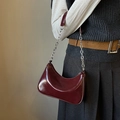 Chic burgundy patent leather underarm bag with silver chain strap for women - Burgundy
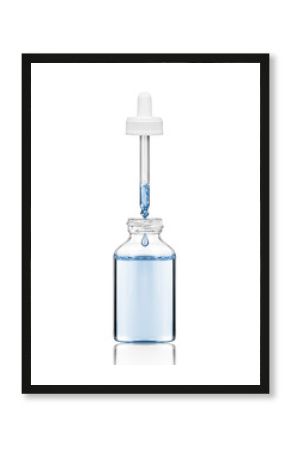 Cosmetic or medical  bottle with pipette on white background
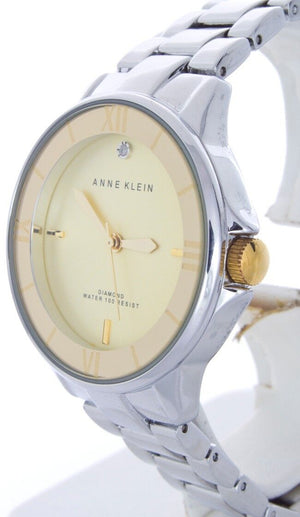Anne Klein Women's Diamond Gold Tone Dial Stainless Steel Watch AK/1277CHTT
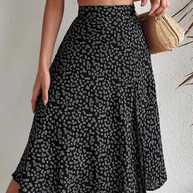 WW | Sommerrock, floral, geteilt, Midi-Rock, Rock mit hoher Taille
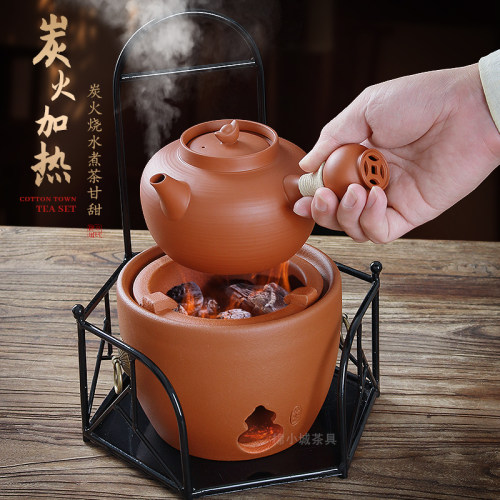 棉小城温茶器红泥烧碳炉砂铫壶家用户外煮水木炭围炉煮茶高端全套 - 图3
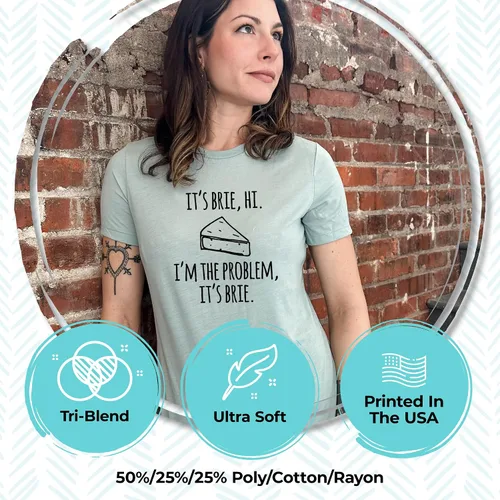 Miniatura 9 de Cute Women's Screen Printed Crew Neck Tee, Shirts With Sayings, Dusty Blue or Olive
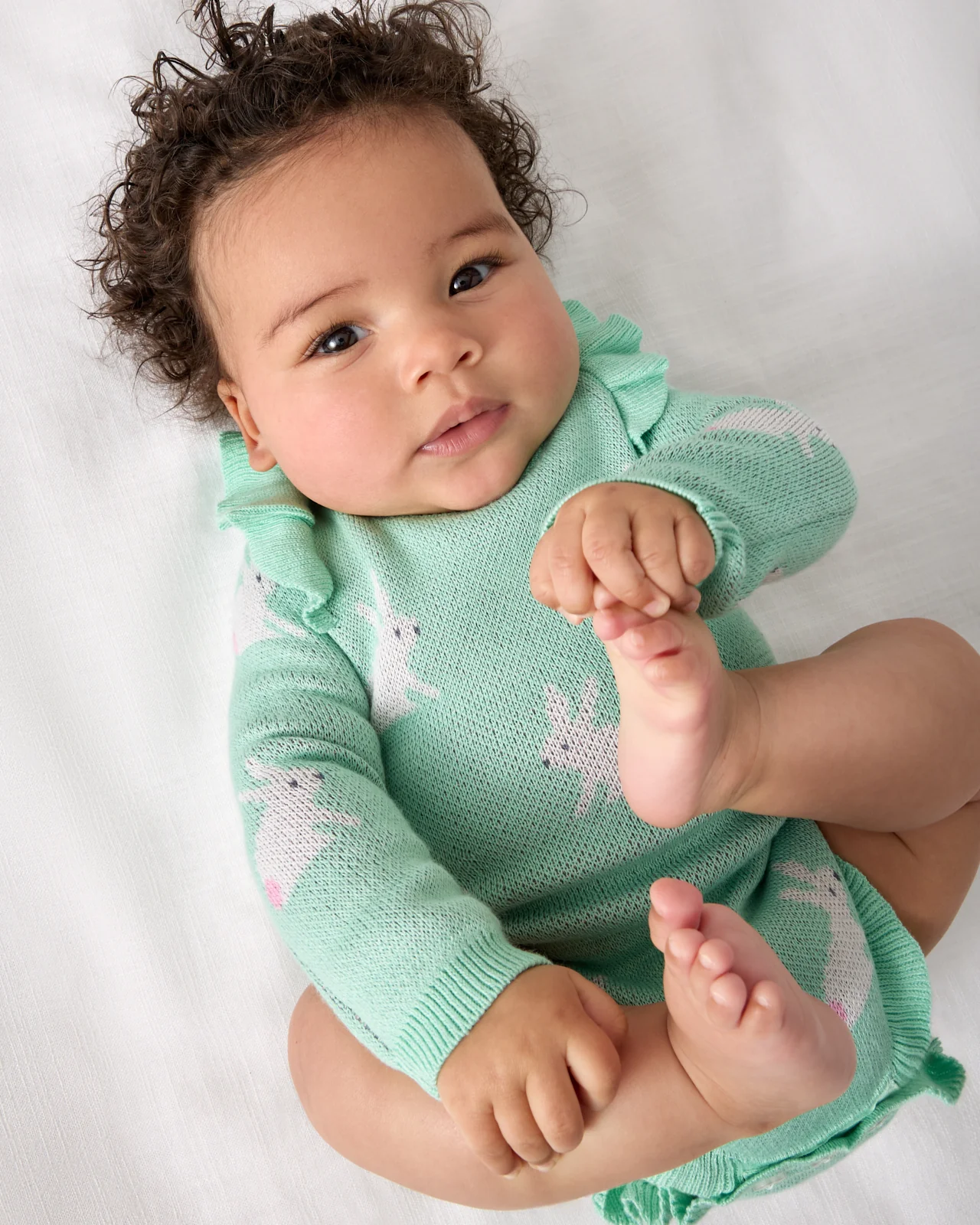 Blush Bunnies Sweater Bubble Romper - Image 5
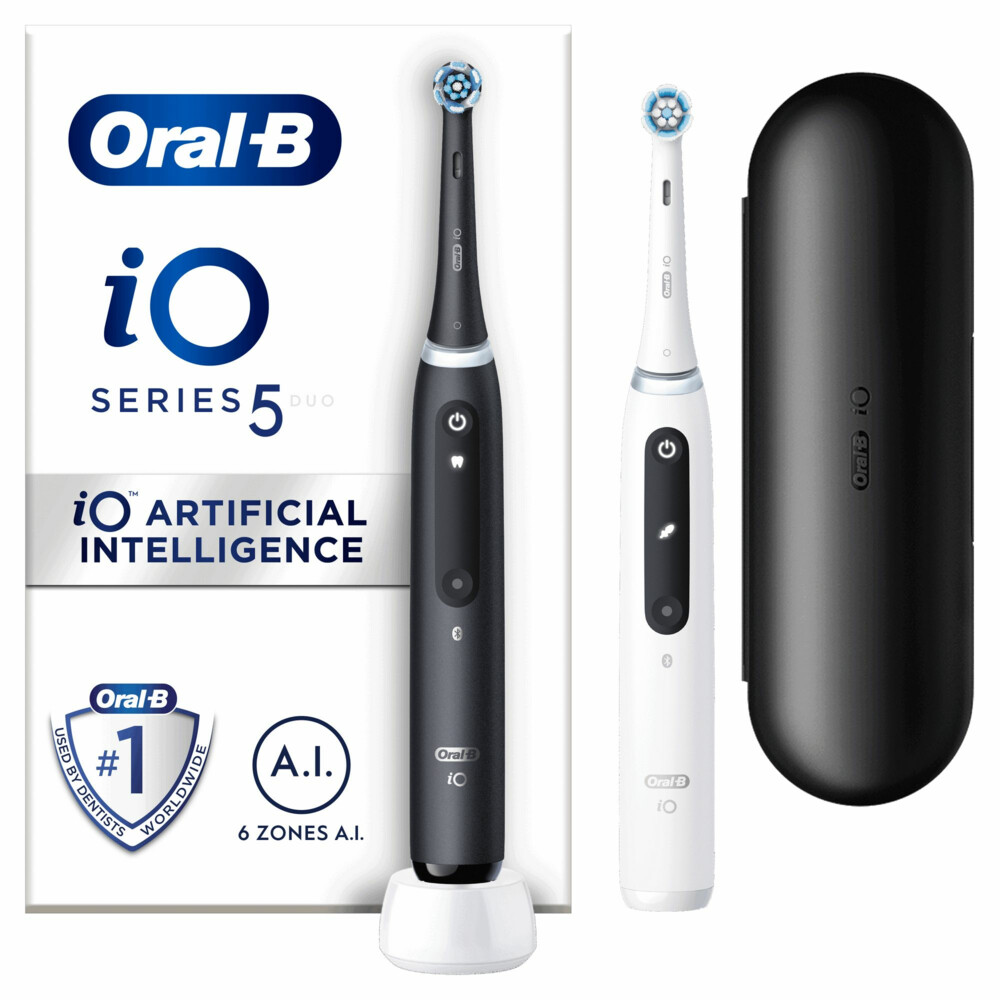 3x Oral-B Elektrische Tandenborstel iO5 Black&White 2 stuks met grote korting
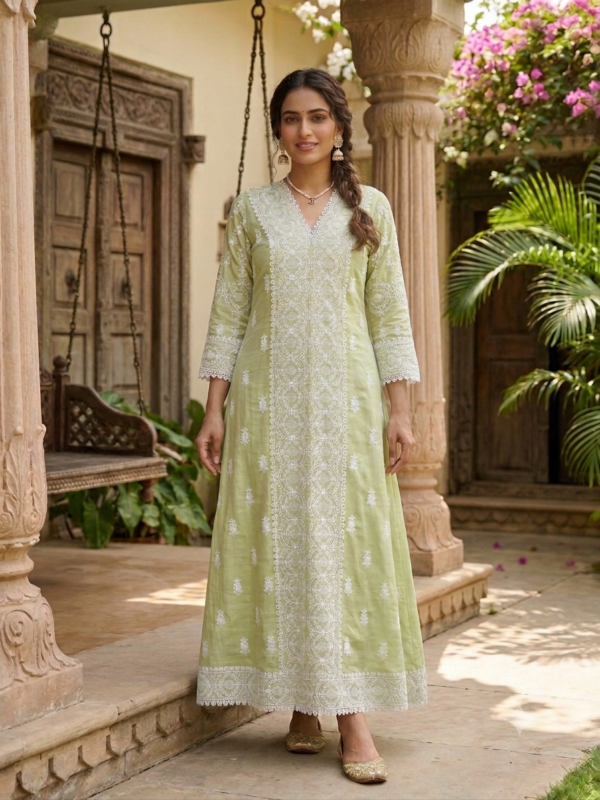 Chickenkari Mulmul cotton Frock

What you will do: Begin the copy at the line containing "Anne Klein Women's" and end it at the last line of the records; transcribe exactly and exclude pictures.

Answer to the problem:
Anne Klein Women's Diamond Gold Tone Dial Stainless Steel Watch AK/1277CHTT
 WW | Sommerrock, floral, geteilt, Midi-Rock, Rock mit hoher Taille
 棉小城温茶器红泥烧碳炉砂铫壶家用户外煮水木炭围炉煮茶高端全套 - 图3
 Miniatura 9 de Cute Women's Screen Printed Crew Neck Tee, Shirts With Sayings, Dusty Blue or Olive
 Blush Bunnies Sweater Bubble Romper - Image 5
 3x Oral-B Elektrische Tandenborstel iO5 Black&White 2 stuks met grote korting
 Chickenkari Mulmul cotton Frock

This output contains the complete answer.